[YOUR TASK] Pictures are to be left out; every line from the one that holds "The Hanged Man" to the end of the data is to be retyped exactly.

[DATA SHOWN]
::::::::

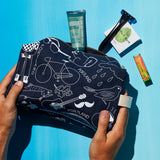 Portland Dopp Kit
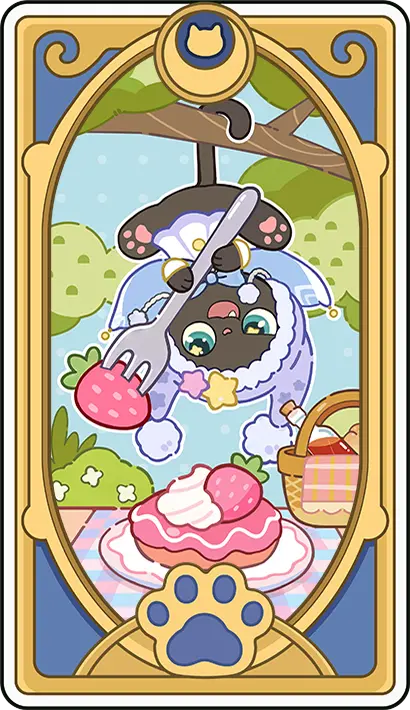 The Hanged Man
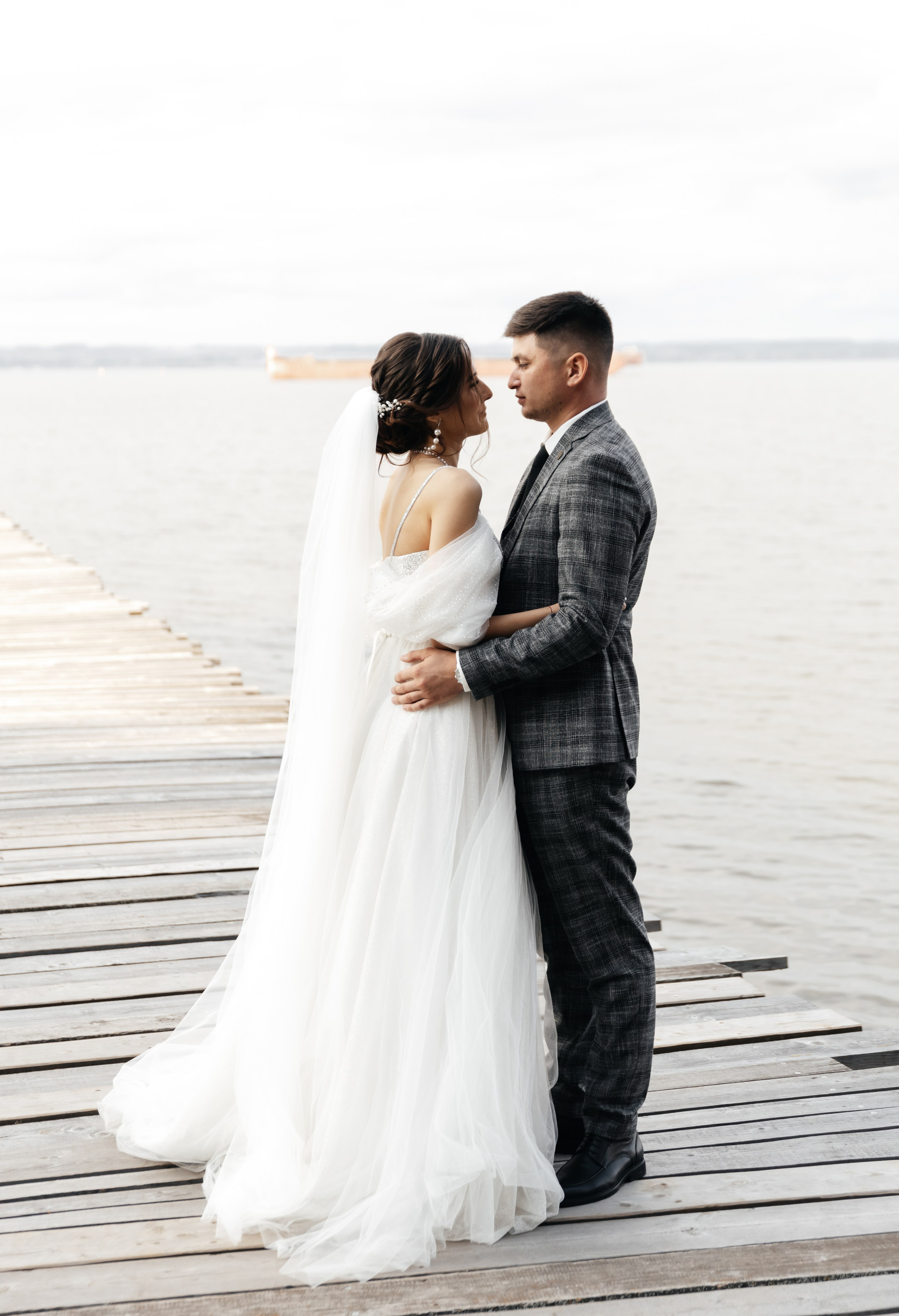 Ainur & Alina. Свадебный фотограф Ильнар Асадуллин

::::::::

[ANSWER TO THIS PROBLEM]
 The Hanged Man
 Ainur & Alina. Свадебный фотограф Ильнар Асадуллин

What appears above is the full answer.